Directions
What you give back should be exactly the lines from the one with "Cudlie Buttons &" through the end of the data, without the pictures.

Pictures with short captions

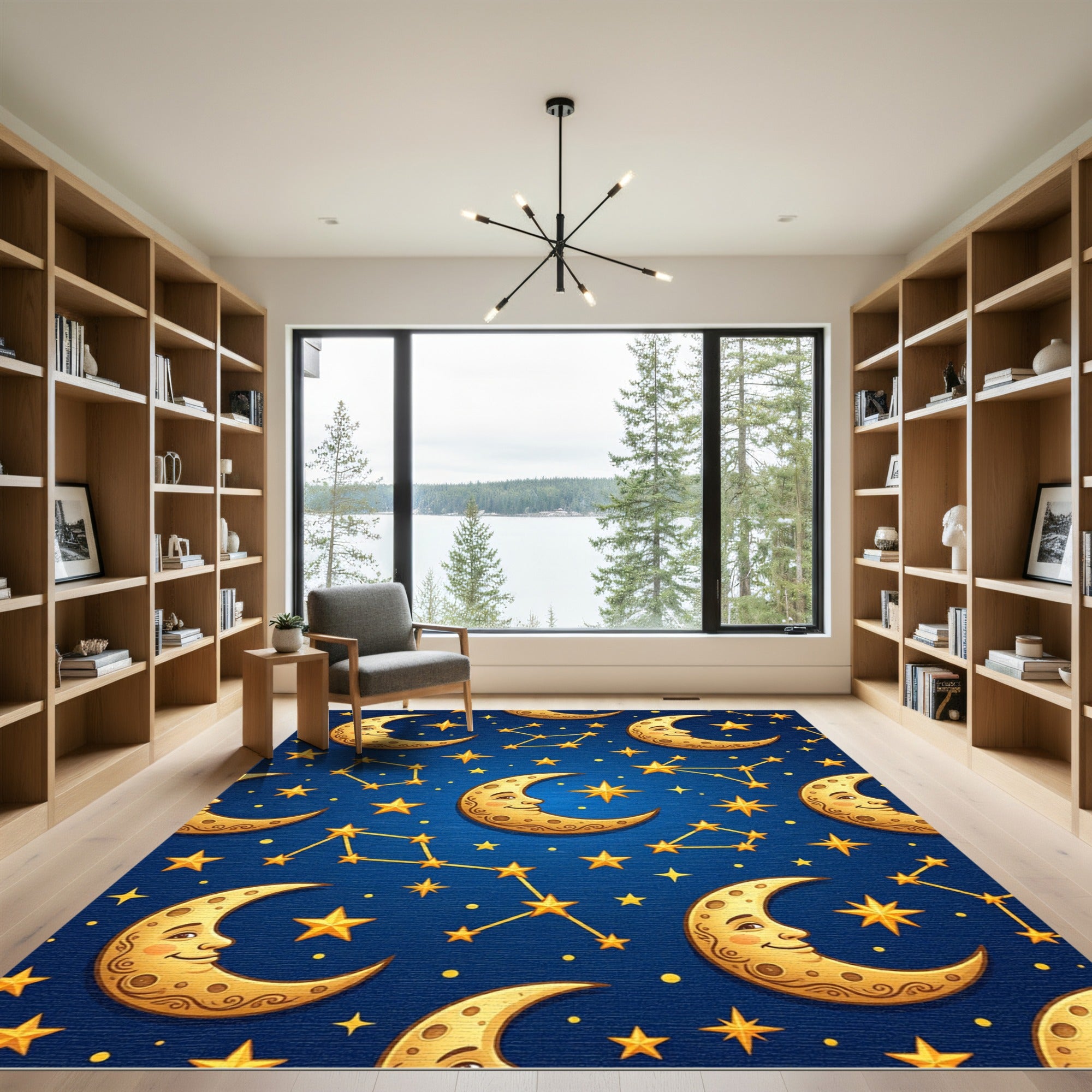Whimsical Celestial Crescent Moon Night Sky Rug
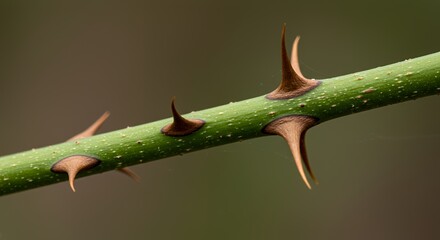 Obraz premium Close-up of Sharp Thorns on a Vibrant Green Stem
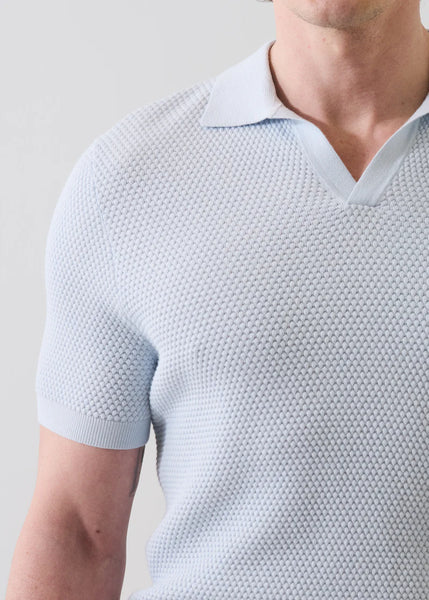 Patrick Assaraf SS Cotton Cashmere Bubble Stitch Johnny Collar Polo - Pale Blue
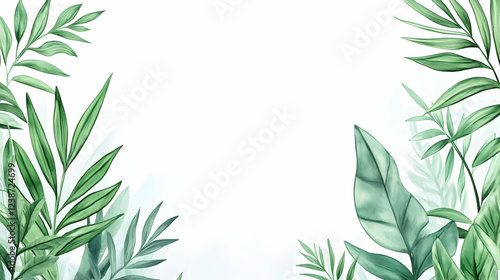 Wallpaper Mural Tropical leaves frame, white background, nature design, ideal for website banners Torontodigital.ca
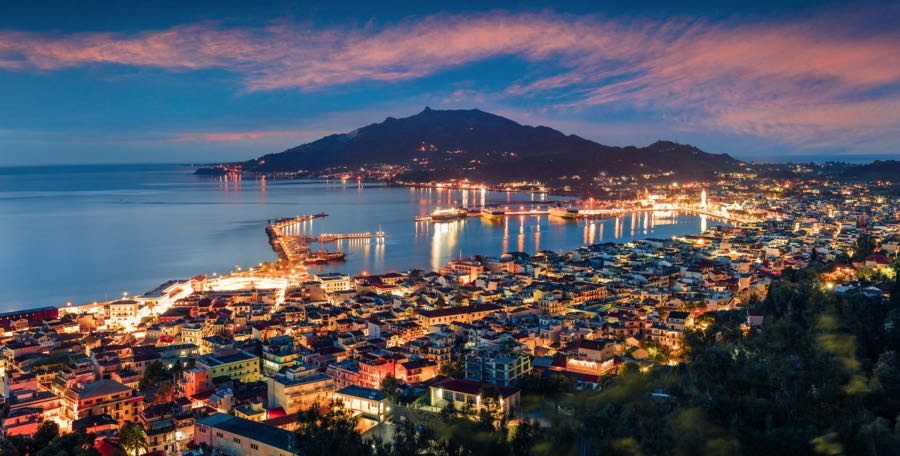 Aerial view of Zante Town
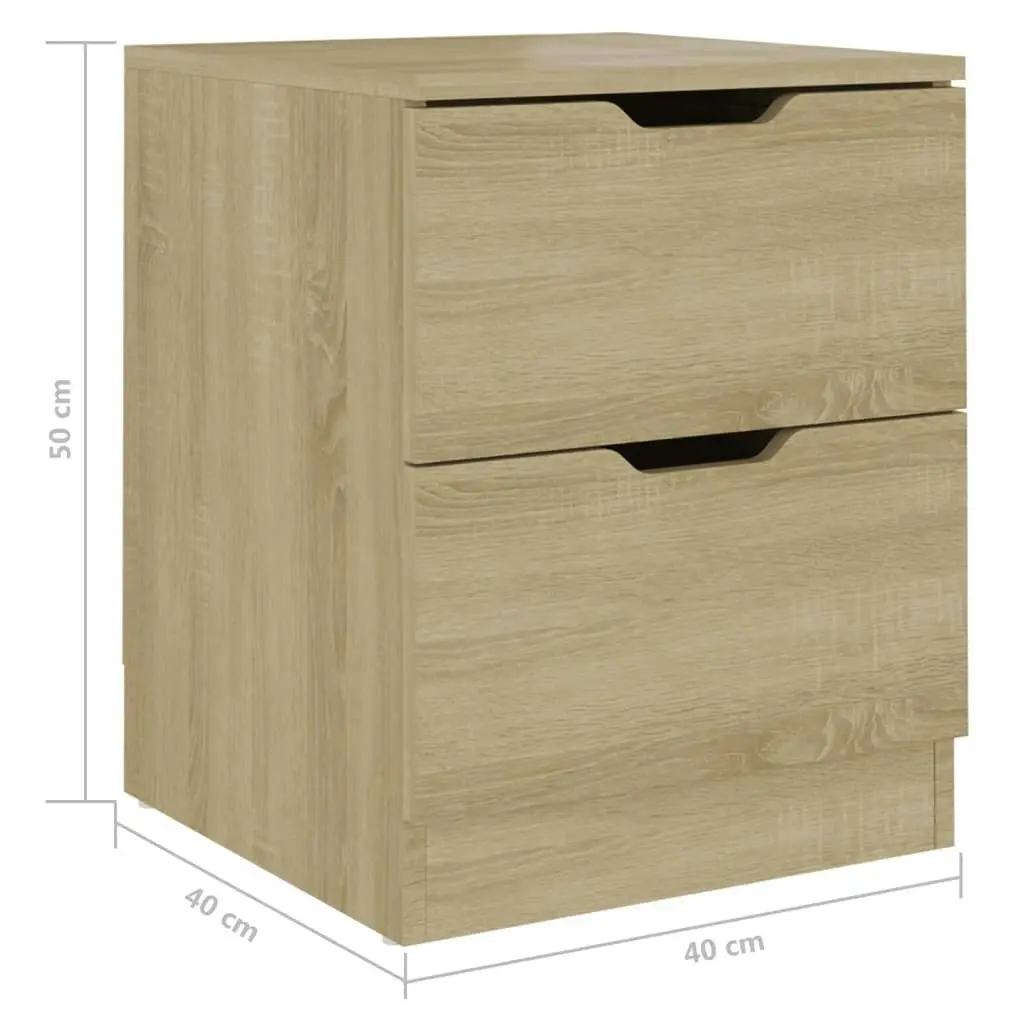 Bedside Cabinets 2 pcs Sonoma Oak 40x40x50 cm Engineered Wood 326730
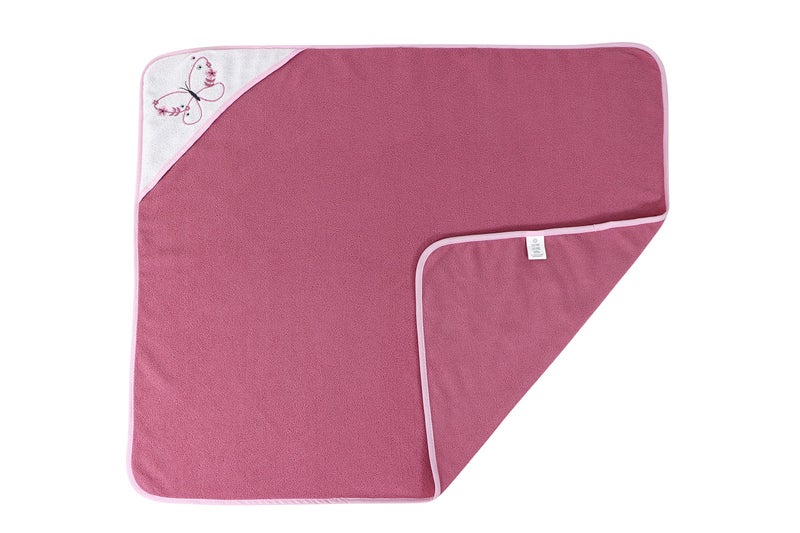 Cudlie Buttons & Stitches Baby Girl 3 Pack Rolled/Carded Hooded Towels in Butterfly Polka Print (GS71727) - Image 4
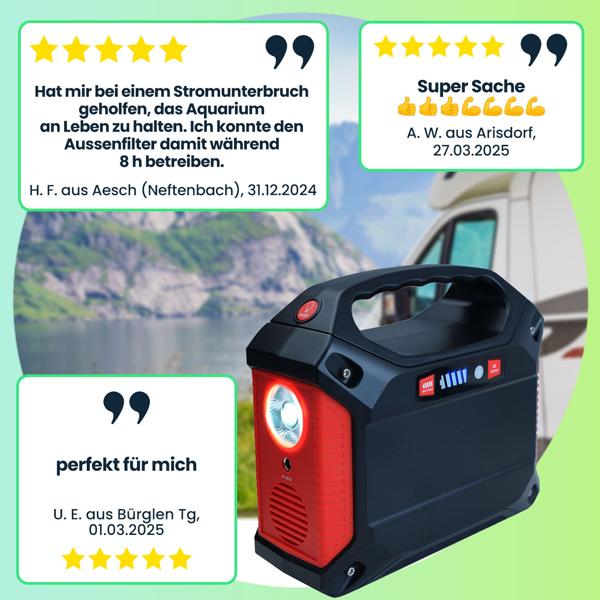 Tragbare Powerstation & Solar-Generator, 155 Wh, 180 Watt, Akku mit 230V & 12V, Leuchte, USB, Reise, Camping, Notstrom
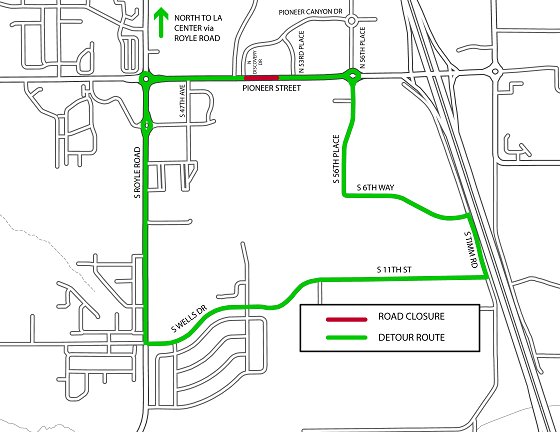 Detour map for October 20 closure on Pioneer Street.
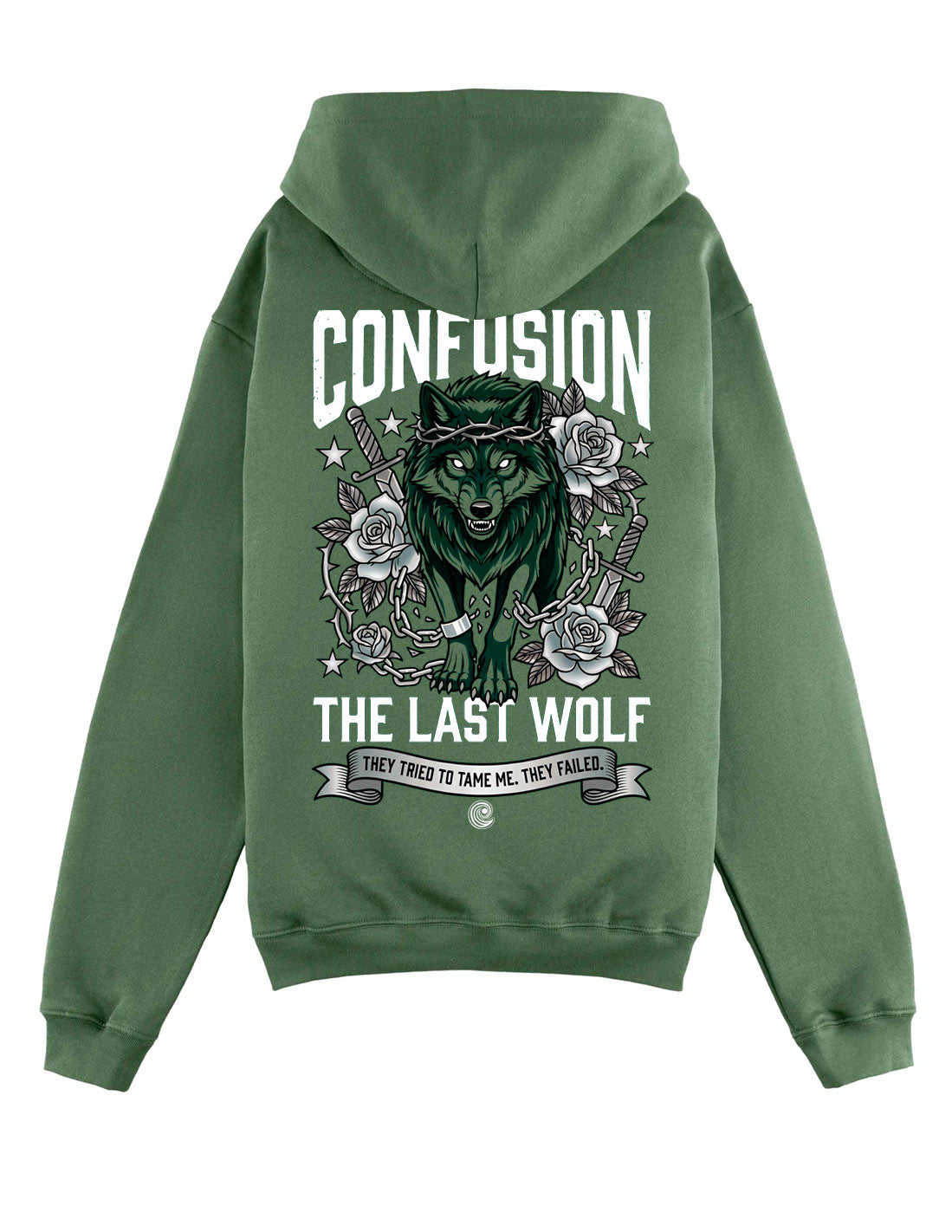THE LAST WOLF OLIVE HOODIE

Your solution
 Cudlie Buttons & Stitches Baby Girl 3 Pack Rolled/Carded Hooded Towels in Butterfly Polka Print (GS71727) - Image 4
 Tragbare Powerstation & Solar-Generator, 155 Wh, 180 Watt, Akku mit 230V & 12V, Leuchte, USB, Reise, Camping, Notstrom
 Detour map for October 20 closure on Pioneer Street.
THE LAST WOLF OLIVE HOODIE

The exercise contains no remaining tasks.